**What needs to be done**
Give back, unchanged, each line from the one containing "Westside Eagle Observer/RANDY" through the last line of the entries below.

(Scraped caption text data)
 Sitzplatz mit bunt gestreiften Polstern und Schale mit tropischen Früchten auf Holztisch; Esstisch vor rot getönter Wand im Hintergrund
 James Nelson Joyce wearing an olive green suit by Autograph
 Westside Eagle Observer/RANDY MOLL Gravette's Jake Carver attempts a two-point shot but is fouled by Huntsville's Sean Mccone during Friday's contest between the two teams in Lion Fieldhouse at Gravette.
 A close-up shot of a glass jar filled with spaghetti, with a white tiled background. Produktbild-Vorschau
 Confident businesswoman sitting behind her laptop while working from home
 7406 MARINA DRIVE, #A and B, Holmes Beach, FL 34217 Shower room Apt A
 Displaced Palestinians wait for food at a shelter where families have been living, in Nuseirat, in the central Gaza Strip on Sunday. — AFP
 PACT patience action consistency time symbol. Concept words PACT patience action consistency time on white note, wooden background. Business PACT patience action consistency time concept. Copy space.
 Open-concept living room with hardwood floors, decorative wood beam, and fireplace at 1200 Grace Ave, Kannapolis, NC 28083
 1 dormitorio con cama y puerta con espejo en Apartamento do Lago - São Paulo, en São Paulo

**Written response**
 Westside Eagle Observer/RANDY MOLL Gravette's Jake Carver attempts a two-point shot but is fouled by Huntsville's Sean Mccone during Friday's contest between the two teams in Lion Fieldhouse at Gravette.
 A close-up shot of a glass jar filled with spaghetti, with a white tiled background. Produktbild-Vorschau
 Confident businesswoman sitting behind her laptop while working from home
 7406 MARINA DRIVE, #A and B, Holmes Beach, FL 34217 Shower room Apt A
 Displaced Palestinians wait for food at a shelter where families have been living, in Nuseirat, in the central Gaza Strip on Sunday. — AFP
 PACT patience action consistency time symbol. Concept words PACT patience action consistency time on white note, wooden background. Business PACT patience action consistency time concept. Copy space.
 Open-concept living room with hardwood floors, decorative wood beam, and fireplace at 1200 Grace Ave, Kannapolis, NC 28083
 1 dormitorio con cama y puerta con espejo en Apartamento do Lago - São Paulo, en São Paulo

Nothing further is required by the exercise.